When Mayor John DeStefano Jr. delivered his annual State of the City address earlier this week, we were impressed and heartened by his candor. DeStefano coupled his evaluation of the past year with a call to improve public safety, housing affordability and citywide financial stability, which he bluntly identified as New Haven’s three primary concerns for the coming year.

But by the time the speech was finished, we had little further idea of DeStefano’s plans to address those concerns. Even by State of the City standards, this one was short on viable, developed solutions, and paid short shrift to some other problems that deserve attention from City Hall.

In his speech, DeStefano alluded to a “slight increase” in New Haven’s violent crime this past year, but his suggestions for addressing the issue seemed to rely primarily on fostering a spirit of mutual cooperation and sacrifice. While we do not specifically fault the mayor or his administration for the rise in violent crime, we find it difficult to believe that a commitment to good cheer will keep us from being robbed at gunpoint. The Yale administration has worked to allay concerns regarding rising crime rates to the extent that it can, but we were disappointed that the mayor did not outline a plan of his own to reduce area crime.

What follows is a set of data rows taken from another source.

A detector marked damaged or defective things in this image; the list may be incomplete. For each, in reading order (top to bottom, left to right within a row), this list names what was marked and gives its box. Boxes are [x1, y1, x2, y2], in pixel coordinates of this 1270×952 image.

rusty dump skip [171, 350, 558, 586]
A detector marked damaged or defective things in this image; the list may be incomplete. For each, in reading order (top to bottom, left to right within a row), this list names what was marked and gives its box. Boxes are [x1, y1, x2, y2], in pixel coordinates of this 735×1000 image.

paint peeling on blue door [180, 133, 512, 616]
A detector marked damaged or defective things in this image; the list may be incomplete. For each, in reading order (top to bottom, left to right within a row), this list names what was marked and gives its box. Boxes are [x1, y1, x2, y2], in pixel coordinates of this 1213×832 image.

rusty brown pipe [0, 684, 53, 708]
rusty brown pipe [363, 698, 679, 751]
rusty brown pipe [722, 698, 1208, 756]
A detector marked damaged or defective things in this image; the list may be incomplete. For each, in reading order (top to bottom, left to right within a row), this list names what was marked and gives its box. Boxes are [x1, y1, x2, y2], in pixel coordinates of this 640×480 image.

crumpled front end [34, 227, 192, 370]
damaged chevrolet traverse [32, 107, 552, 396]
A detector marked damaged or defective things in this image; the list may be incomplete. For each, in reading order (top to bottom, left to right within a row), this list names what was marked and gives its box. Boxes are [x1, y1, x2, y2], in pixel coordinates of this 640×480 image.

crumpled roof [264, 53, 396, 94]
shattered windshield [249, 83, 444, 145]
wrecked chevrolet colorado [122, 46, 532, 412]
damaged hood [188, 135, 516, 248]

His stated emphasis on public safety certainly could have been bolstered by further details on new plans to that effect.

DeStefano did propose some solutions in terms of housing and economic development, but we believe that his administration should reconsider its rather singular focus on development in the downtown area. We commend the recent revitalization efforts that have made the area surrounding Yale more pleasant and consumer-friendly, but we worry that a focus on these areas instead of less affluent neighborhoods threatens to widen an already gaping socioeconomic divide.

Of course, there is a reasonable rationale for pumping money into downtown development: More attractive residential and commercial space, even if concentrated in one area, feeds the city’s need for greater economic growth. But with his eye on the city’s shrinking tax revenue — further slashed by cuts to federal and state subsidies — the mayor neglected to discuss the state of New Haven’s public education system. While some of these schools benefit from their proximity to Yale and its students by means of tutoring and other programs, we are concerned that the relative paucity of city-sponsored initiatives signals the poor integration of this area of the city and other neighborhoods.

With a dozen State of the City addresses under his belt, there is no mistaking the incredible success DeStefano has had as mayor of New Haven, and his speech this week clearly reflected confidence in that success. Obviously, every city leader must seek to master the micromanagement of a million tiny projects, and it is with the little things — such as the hybrid vehicle parking initiative that passed this past year — that DeStefano truly demonstrates his commitment to progress. But with the scope of the issues still facing the Elm City, any real change to the status quo requires the strength of leadership to frankly discuss both the problems at hand and their solutions.